Reading: This year, in reading, I made a concerted effort to include much more nonfiction in the texts we read. We likely approached the magic 50%-50% level in our nonfiction-fiction balance during lessons. Yet, when students selected their own independent reading books, fiction remained king. I’ve been wondering what I can do to increase students’ nonfiction interest. Maybe do more book-talks from that section? Maybe show some nonfiction books I’ve been reading? Or maybe I just had a group that loved stories, and that’s okay. I was satisfied by the time and choice I allowed students. I developed my best conferring form yet, though I still think I will tweak it a bit for next year.

Writing: I could teach writing all day, every day, and I still would have lessons that I didn’t complete. I can quickly come up with a dozen lessons which would have benefitted my writers, but we ran out of days. This is inevitable. I don’t think I’ll ever be satisfied. My group made amazing gains, but there was so much more we needed. Next year, I want to increase the emphasis I place on the different modes of writing – narrative, informational, and persuasive. I hope to show students how the traits of writing connect across all three modes.

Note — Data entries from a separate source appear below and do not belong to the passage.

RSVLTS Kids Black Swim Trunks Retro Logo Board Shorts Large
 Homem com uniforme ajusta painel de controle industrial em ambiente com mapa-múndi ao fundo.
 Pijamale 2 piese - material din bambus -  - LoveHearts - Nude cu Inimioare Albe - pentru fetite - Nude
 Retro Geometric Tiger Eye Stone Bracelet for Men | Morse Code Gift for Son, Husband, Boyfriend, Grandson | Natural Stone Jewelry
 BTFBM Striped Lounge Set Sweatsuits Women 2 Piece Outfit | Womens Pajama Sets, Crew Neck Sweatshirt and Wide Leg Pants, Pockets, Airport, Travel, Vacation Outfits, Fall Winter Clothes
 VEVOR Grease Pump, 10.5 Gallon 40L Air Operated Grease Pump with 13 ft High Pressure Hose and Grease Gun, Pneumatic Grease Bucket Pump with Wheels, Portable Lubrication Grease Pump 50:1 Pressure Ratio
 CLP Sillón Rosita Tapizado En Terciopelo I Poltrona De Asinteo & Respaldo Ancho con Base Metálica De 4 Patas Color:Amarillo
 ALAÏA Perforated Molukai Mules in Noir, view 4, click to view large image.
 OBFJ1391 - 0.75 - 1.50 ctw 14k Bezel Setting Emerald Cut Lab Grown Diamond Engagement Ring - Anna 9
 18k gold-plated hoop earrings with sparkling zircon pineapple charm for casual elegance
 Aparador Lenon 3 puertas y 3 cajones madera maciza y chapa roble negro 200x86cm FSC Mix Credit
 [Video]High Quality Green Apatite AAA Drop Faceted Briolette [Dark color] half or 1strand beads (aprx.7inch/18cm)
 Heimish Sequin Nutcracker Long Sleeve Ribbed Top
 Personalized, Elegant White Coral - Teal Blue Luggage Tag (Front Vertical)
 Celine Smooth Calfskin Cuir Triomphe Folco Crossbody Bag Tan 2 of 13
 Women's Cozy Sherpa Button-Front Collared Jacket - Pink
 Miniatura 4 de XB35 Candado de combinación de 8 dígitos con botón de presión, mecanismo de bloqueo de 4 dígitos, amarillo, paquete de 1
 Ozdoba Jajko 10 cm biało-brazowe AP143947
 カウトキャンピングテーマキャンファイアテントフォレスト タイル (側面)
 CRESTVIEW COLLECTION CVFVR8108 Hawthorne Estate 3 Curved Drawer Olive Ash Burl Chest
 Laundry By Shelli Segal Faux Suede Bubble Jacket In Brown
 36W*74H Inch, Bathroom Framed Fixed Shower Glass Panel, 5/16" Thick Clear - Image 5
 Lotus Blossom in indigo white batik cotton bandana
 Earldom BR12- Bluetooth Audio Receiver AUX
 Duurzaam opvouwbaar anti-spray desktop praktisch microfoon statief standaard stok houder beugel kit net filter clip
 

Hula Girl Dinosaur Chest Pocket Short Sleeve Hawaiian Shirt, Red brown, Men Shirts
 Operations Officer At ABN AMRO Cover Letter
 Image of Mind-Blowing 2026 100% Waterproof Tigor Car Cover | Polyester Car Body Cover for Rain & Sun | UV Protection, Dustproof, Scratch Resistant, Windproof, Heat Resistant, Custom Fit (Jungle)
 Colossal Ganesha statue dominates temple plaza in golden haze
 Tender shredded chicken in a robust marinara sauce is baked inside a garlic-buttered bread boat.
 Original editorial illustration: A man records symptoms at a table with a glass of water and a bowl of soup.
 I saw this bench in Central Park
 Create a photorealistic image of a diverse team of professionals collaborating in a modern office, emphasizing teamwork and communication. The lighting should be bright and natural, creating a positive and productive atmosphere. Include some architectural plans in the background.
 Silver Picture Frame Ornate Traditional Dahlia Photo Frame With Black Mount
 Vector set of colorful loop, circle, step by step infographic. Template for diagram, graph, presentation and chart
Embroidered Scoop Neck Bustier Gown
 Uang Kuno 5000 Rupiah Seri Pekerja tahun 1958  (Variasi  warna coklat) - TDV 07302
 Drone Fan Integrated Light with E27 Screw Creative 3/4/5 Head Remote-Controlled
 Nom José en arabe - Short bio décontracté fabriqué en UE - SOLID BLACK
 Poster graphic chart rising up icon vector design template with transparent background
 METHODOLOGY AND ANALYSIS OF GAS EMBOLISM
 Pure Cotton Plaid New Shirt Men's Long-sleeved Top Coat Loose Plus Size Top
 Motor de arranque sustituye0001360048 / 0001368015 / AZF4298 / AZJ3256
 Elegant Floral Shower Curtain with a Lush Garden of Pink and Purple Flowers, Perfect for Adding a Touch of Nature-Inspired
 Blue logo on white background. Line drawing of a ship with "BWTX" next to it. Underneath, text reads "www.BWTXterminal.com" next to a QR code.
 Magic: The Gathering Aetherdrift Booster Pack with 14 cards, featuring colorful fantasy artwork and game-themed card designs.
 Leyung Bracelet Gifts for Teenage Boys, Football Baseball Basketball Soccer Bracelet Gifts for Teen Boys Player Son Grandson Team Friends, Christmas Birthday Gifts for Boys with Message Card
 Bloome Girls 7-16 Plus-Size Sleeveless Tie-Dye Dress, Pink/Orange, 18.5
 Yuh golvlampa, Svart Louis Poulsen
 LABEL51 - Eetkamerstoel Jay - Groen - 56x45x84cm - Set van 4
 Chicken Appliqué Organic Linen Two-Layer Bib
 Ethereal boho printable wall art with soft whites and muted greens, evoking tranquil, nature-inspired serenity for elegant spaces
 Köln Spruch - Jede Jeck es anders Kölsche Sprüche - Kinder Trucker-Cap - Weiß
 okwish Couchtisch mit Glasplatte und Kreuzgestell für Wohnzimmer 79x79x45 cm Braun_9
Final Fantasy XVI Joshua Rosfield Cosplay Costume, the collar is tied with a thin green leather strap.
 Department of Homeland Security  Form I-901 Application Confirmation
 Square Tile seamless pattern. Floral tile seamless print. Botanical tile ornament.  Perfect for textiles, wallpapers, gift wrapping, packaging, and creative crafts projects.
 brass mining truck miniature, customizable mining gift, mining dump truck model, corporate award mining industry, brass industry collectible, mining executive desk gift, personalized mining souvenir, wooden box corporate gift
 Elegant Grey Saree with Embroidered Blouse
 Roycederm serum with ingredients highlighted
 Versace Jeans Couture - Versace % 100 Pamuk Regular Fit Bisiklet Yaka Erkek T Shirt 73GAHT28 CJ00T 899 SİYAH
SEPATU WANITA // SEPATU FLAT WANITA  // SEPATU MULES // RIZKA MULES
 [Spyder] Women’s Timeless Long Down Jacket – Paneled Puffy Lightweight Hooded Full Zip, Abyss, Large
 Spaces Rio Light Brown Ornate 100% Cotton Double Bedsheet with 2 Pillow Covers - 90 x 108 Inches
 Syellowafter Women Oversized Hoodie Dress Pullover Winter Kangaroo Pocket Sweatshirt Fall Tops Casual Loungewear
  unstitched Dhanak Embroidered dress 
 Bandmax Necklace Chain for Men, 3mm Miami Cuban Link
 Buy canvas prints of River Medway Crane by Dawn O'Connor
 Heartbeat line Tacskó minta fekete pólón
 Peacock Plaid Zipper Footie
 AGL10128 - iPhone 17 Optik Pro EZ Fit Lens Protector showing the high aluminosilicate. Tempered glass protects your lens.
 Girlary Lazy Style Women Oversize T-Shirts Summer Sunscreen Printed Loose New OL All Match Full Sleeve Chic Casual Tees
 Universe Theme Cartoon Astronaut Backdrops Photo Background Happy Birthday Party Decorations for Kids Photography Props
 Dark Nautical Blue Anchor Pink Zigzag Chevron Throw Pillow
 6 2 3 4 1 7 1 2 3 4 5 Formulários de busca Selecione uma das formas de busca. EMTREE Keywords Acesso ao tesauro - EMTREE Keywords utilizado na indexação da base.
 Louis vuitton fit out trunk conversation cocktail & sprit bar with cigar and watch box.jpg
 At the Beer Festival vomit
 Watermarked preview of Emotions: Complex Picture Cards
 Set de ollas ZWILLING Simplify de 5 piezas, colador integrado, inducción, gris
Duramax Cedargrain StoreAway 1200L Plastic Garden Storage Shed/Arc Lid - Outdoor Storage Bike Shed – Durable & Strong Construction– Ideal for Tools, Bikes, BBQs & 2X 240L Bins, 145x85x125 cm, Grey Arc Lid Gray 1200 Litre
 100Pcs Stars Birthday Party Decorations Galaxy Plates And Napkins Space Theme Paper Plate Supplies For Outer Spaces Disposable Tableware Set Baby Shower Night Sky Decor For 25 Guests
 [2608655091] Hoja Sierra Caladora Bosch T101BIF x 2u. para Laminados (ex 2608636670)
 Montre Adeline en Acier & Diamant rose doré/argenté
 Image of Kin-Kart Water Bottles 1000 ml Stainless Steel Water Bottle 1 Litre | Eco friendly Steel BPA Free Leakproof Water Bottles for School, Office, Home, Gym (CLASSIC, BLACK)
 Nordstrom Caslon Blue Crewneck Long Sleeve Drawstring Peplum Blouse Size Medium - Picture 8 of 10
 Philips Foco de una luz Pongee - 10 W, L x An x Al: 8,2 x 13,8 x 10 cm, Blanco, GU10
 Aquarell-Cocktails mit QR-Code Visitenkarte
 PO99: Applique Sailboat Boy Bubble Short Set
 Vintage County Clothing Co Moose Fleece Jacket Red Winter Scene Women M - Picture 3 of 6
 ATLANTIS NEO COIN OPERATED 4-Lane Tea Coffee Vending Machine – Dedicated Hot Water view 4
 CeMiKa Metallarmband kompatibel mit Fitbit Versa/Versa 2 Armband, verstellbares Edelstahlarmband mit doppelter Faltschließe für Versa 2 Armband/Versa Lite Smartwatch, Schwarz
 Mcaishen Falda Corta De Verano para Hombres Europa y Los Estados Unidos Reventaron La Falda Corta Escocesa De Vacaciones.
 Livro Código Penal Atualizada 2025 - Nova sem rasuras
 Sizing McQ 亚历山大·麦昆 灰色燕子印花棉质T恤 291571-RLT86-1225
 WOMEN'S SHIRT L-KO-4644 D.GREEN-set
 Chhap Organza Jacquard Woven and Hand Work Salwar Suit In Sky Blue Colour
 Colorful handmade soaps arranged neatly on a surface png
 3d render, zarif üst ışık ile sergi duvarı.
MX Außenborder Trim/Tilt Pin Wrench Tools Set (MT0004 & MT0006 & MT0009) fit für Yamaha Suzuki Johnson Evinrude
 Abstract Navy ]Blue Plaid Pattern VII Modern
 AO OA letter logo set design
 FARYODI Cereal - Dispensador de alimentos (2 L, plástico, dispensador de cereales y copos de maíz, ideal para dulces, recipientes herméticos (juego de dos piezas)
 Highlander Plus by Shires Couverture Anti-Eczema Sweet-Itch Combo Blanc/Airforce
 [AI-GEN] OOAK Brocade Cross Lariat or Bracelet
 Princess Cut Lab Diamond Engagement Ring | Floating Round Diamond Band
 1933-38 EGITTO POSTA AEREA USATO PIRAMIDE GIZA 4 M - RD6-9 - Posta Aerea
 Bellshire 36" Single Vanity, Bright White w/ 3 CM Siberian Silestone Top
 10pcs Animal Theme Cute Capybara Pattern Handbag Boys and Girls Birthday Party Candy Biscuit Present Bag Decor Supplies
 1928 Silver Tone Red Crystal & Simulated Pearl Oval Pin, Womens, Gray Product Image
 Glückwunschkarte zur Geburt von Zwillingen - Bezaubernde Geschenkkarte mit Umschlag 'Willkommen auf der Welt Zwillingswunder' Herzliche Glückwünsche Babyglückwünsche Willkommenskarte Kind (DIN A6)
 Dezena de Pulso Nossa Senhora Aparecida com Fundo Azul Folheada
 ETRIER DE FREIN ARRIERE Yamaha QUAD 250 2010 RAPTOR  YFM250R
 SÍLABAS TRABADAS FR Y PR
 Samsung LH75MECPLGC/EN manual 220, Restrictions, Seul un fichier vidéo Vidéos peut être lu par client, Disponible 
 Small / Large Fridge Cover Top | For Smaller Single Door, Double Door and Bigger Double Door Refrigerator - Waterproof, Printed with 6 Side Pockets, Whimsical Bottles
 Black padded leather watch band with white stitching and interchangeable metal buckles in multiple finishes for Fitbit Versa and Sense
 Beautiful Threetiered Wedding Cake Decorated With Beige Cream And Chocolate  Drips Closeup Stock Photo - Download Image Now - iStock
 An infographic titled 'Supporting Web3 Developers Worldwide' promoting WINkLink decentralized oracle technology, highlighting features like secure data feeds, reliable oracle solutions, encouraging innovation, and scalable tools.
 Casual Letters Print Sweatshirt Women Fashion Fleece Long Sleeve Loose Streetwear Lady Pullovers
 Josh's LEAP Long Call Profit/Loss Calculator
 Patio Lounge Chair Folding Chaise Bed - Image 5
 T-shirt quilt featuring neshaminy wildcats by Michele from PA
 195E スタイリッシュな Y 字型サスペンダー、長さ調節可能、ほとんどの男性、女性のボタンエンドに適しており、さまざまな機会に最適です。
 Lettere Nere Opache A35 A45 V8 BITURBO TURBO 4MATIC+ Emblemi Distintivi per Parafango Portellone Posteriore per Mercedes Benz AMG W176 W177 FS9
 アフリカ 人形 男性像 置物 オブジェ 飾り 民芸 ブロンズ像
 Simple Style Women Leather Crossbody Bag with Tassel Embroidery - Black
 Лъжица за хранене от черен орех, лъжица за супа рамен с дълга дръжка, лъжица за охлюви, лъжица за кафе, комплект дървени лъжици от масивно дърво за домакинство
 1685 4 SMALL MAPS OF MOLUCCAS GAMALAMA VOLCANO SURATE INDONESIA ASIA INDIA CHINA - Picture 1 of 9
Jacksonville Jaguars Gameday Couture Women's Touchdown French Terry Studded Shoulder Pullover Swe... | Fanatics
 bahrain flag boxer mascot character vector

Math: My math instruction improved greatly this year as I made videos to flip portions of our math class. Students who demonstrated a basic knowledge of the day’s math concept were allowed to watch a video to further their learning, work independently, and then meet with me to extend their learning. This really benefitted my high-ability math students, who were able to work at their own pace. Now that many of these videos are done, I will be switching to do a different pilot program. Yikes! Lots of new videos on the way…

Science: It would be great if I could hold a science class every day, but time and testing don’t allow this. However, I did a pretty good job with our limited time. Some science content was integrated into our writing block, including a research project about animal adaptations. Other science units based on experiments and the design process were condensed in special weeks the students really enjoyed. Next year, I would like to use some of these experiments and engineering tasks as springboards into informational writing, which I feel is the hardest writing mode to teach.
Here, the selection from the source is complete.